◆ WORK TO BE COMPLETED
Print out each entry below exactly; do not carry over any image.

◆ MATERIAL SUPPLIED
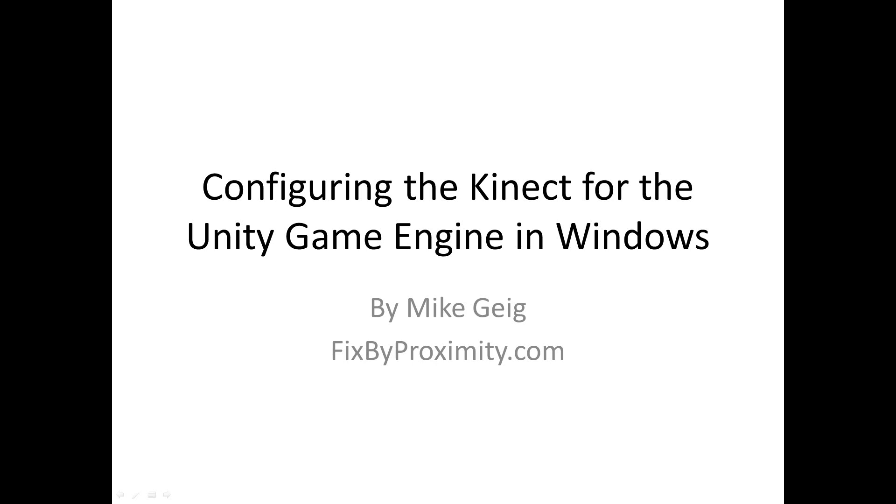Hello everybody, my name is Mike Geig. In this video we are going to look at configuring the Kinect for the Unity game engine in Windows.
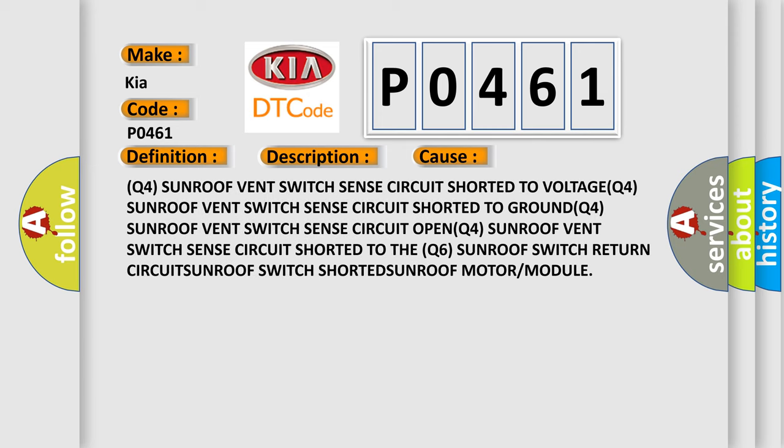Q4 sunroof vent switch sense circuit shorted to voltage. Q4 sunroof vent switch sense circuit shorted to ground. Q4 sunroof vent switch sense circuit open. Q4 sunroof vent switch sense circuit shorted to the Q6 sunroof switch return. Q4 sunroof vent switch sense circuit shorted to the Q6 sunroof motor or module.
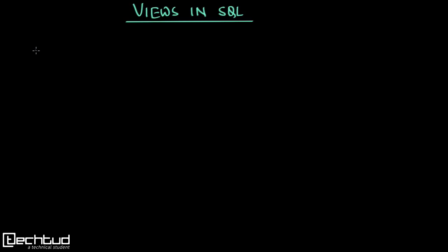Hello everyone, welcome to tech2.com. In this lecture we will understand views in SQL. Let's start with a simple story.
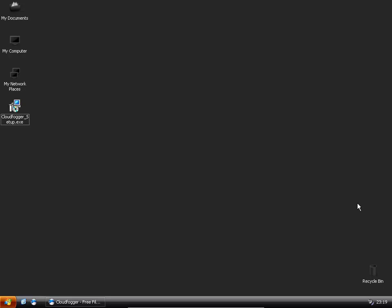Hello and welcome to this Netrix tutorial on CloudFogger. CloudFogger is basically an encryption tool which you can use to encrypt folders, files and so on.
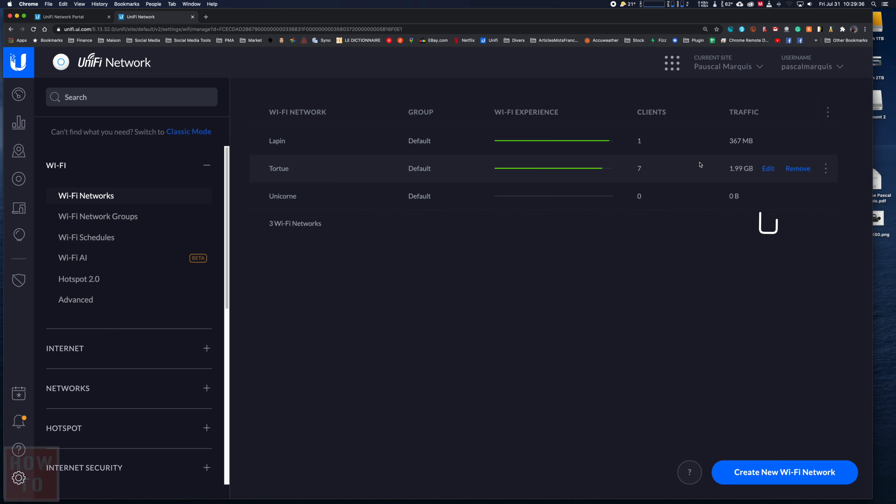Hover your mouse on the network you want to change the name and the edit button will show up. Click on it.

◆ WRITTEN ANSWER
Hello everybody, my name is Mike Geig. In this video we are going to look at configuring the Kinect for the Unity game engine in Windows.
Q4 sunroof vent switch sense circuit shorted to voltage. Q4 sunroof vent switch sense circuit shorted to ground. Q4 sunroof vent switch sense circuit open. Q4 sunroof vent switch sense circuit shorted to the Q6 sunroof switch return. Q4 sunroof vent switch sense circuit shorted to the Q6 sunroof motor or module.
Hello everyone, welcome to tech2.com. In this lecture we will understand views in SQL. Let's start with a simple story.
Hello and welcome to this Netrix tutorial on CloudFogger. CloudFogger is basically an encryption tool which you can use to encrypt folders, files and so on.
Hover your mouse on the network you want to change the name and the edit button will show up. Click on it.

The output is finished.